Today, we remember Rogers’ The American Senate principally for its arguments against cloture by simple majority. His intention, however, was to present a book-length essay—in 250 pages—on the Senate in its institutional entirety. After an opening chapter on the Constitution’s framers’ plans for the Senate, Rogers adopted a topical structure with chapters on the Senate’s executive and legislative functions, its investigating role, its ability to serve as a check on presidential “propaganda,” and as a “forum of the nation and critic of the executive.”

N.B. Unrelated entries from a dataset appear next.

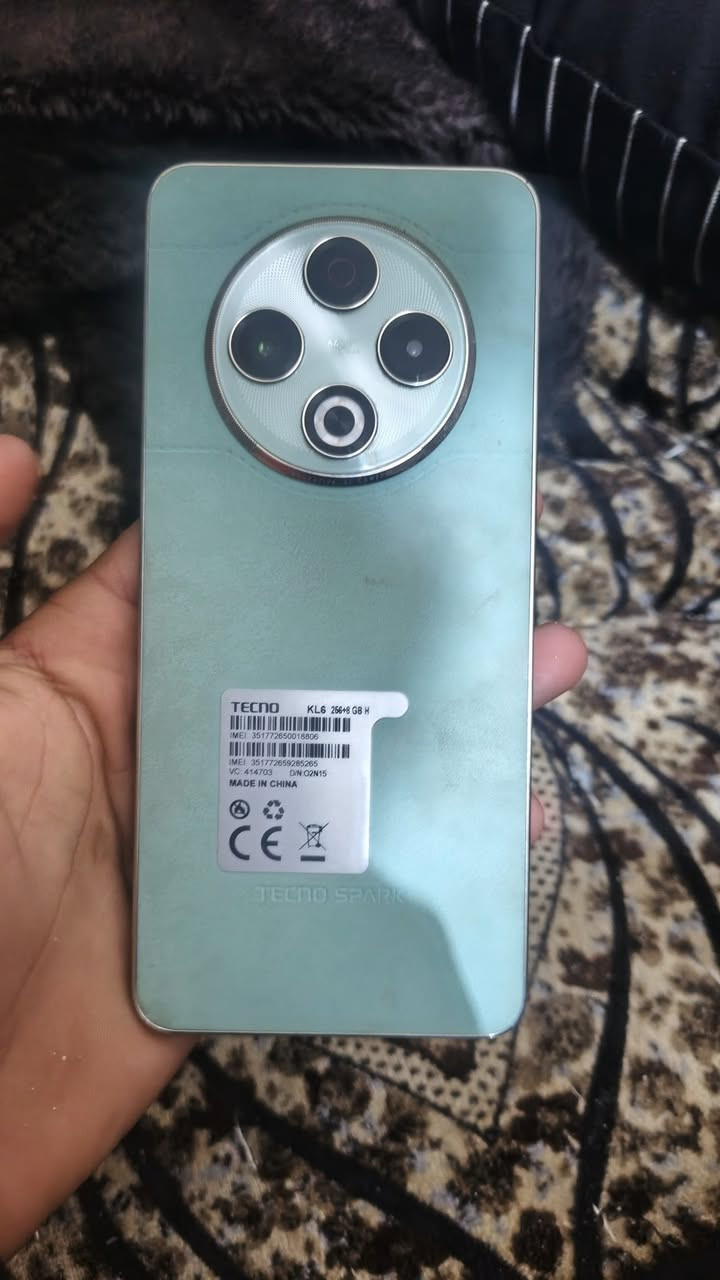 سلام عليكم جهاز للبيع TECNO SPARK السعر 180 رقم ***********

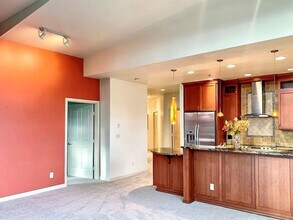 16275 NE 85th St in Redmond, WA - Building Photo - Building Photo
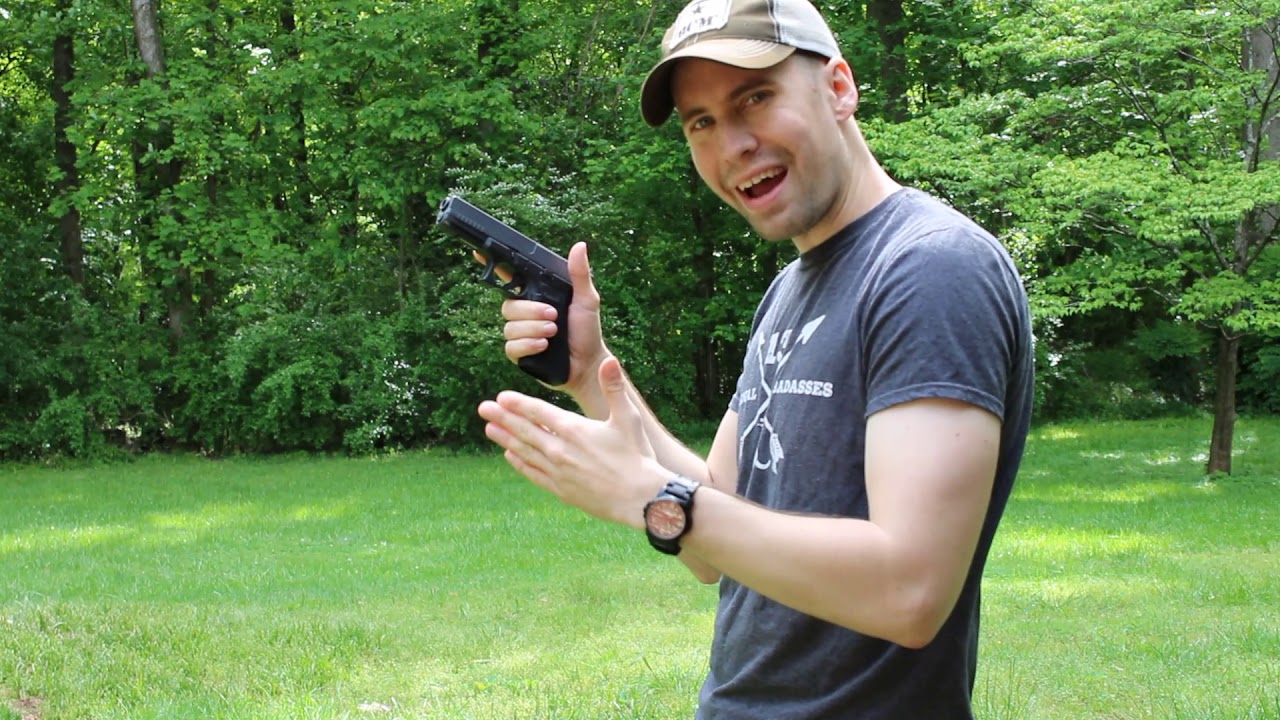 How to properly grip your pistol! Learn how to control recoil How to properly grip your pistol! Learn how to control recoil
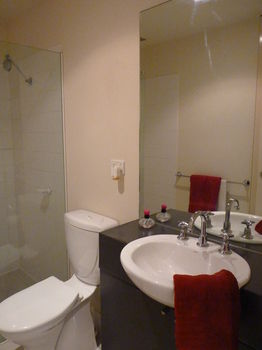 Australian Home Away @ Market Square Melbourne - Accommodation Daintree 0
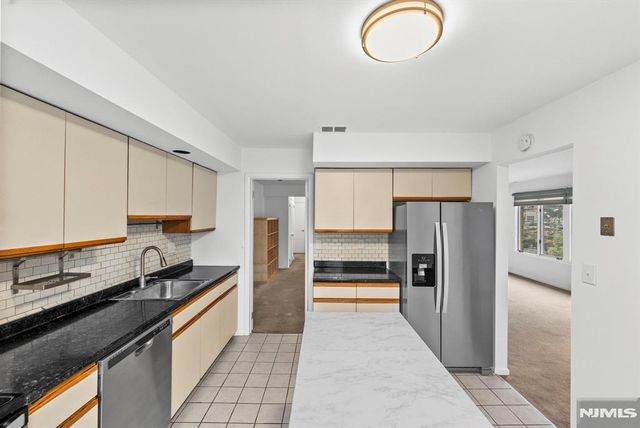 319 Gorge Road 5, Cliffside Park, NJ 07010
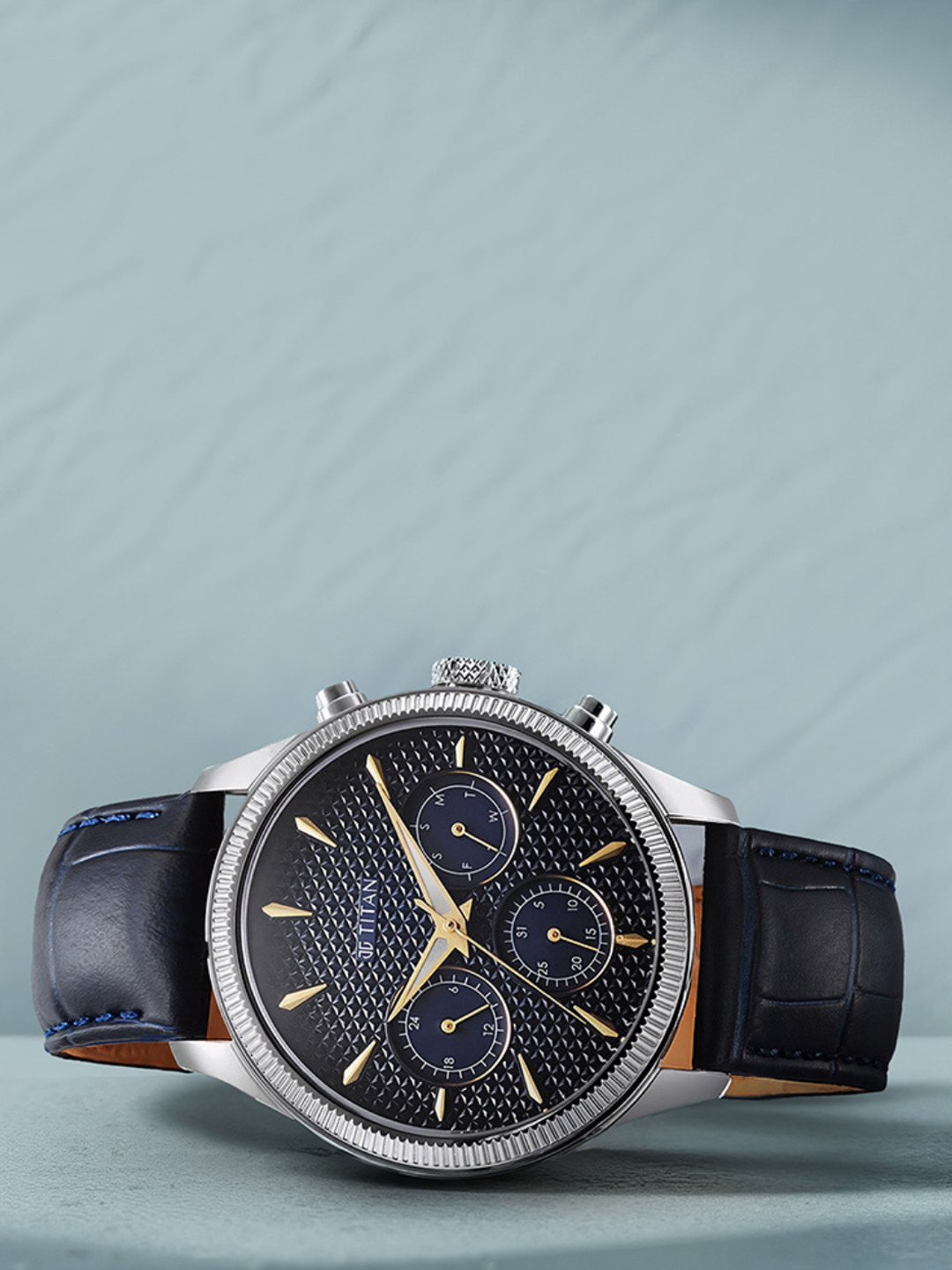 Titan Men Dial & Leather Straps Analogue Watch-1805SL13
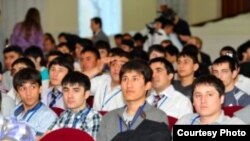 Акс аз ҳамоиши нахустини донишҷӯёни тоҷик дар Украина бардошта шудааст. Апрели соли 2012. Муаллиф Dmitriy_Kichimasov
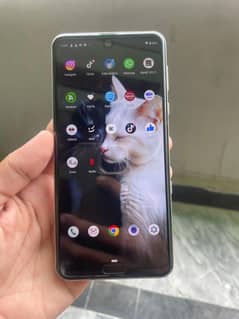 aquos r3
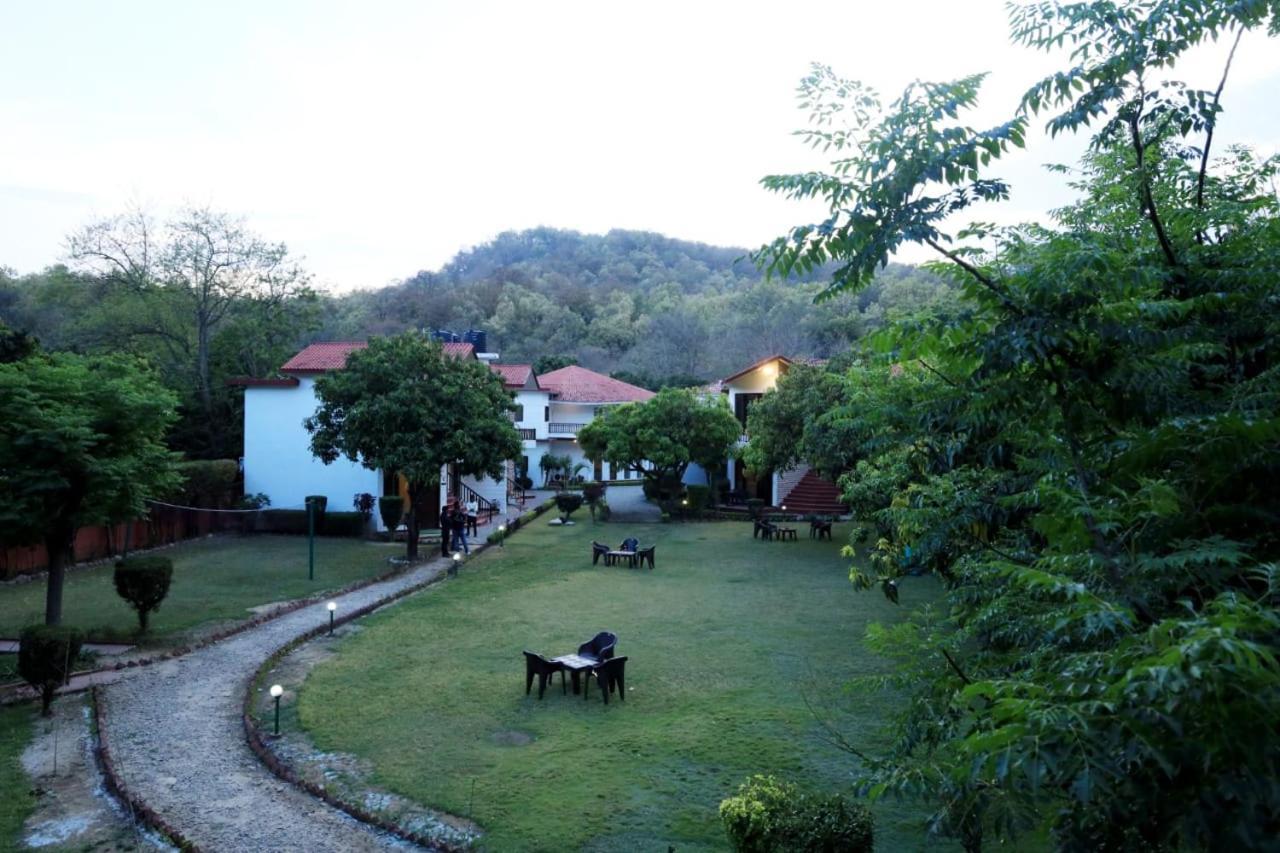 Jim Corbett Resort Rāmnagar Eksteriør bilde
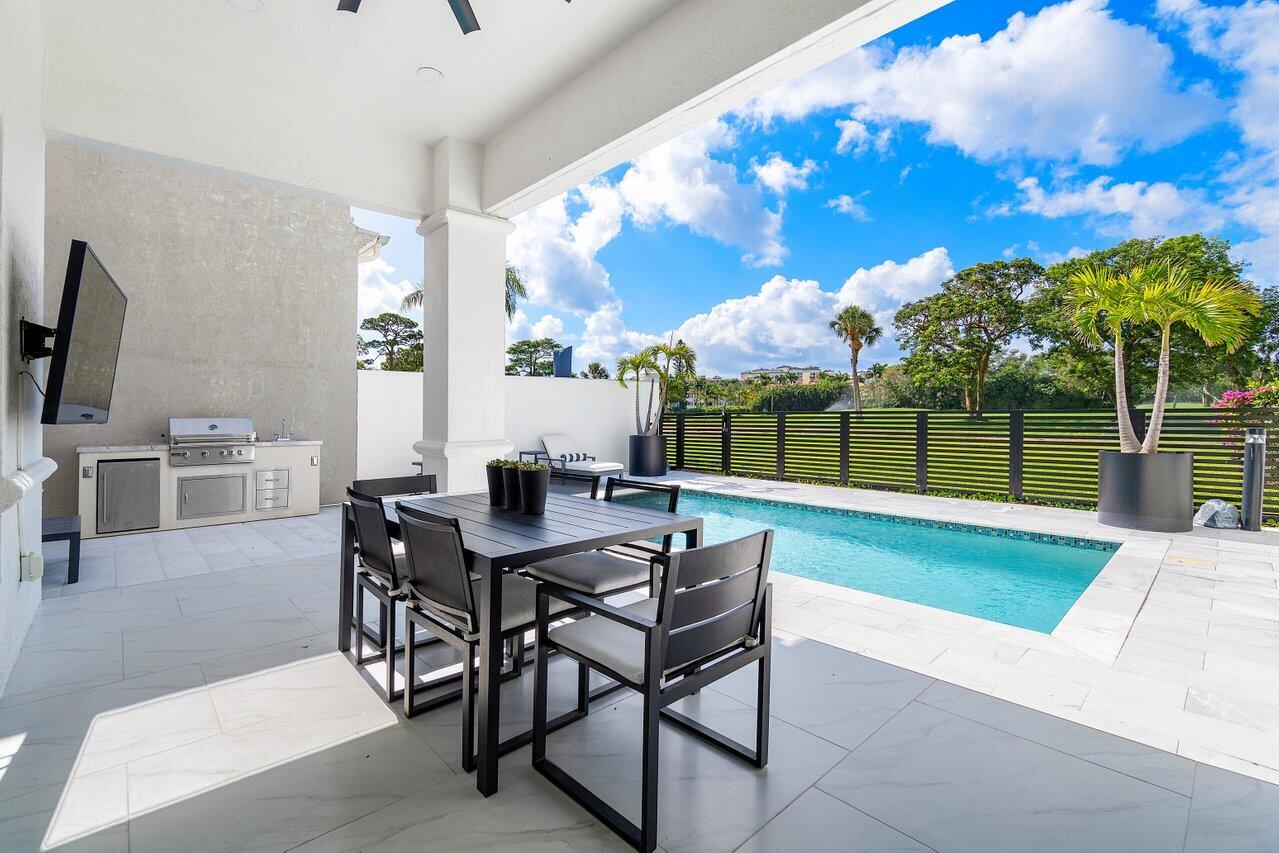350 E Royal Palm Road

The American Senate is about more—and less—than the American Senate. It is neither tightly structured nor carefully disciplined. Rogers’ frequent and extended excursions into Senate-related current events and comparisons with other legislative bodies suggest a book quickly drafted, with an undercurrent of good humor, a splash of irony, but little “bad temper.” Several of his reform suggestions—delegation of investigations and sharing treaty powers with the House—now seem naive and unrealistic. Yet, aside from its frequent digressions, the book’s remaining text appears as fresh and vital today as it did eight decades ago.

Further Reading:

The New York Times, November 28, 1970.

Baker, Richard A. “Twentieth Century Senate Reform: Three Views from the Outside.” In The Contentious Senate: Partisanship, Ideology, and the Myth of Cool Judgment, by Colton C. Campbell and Nicol C. Rae. Lanham, MD: Rowman & Littlefield, 2001.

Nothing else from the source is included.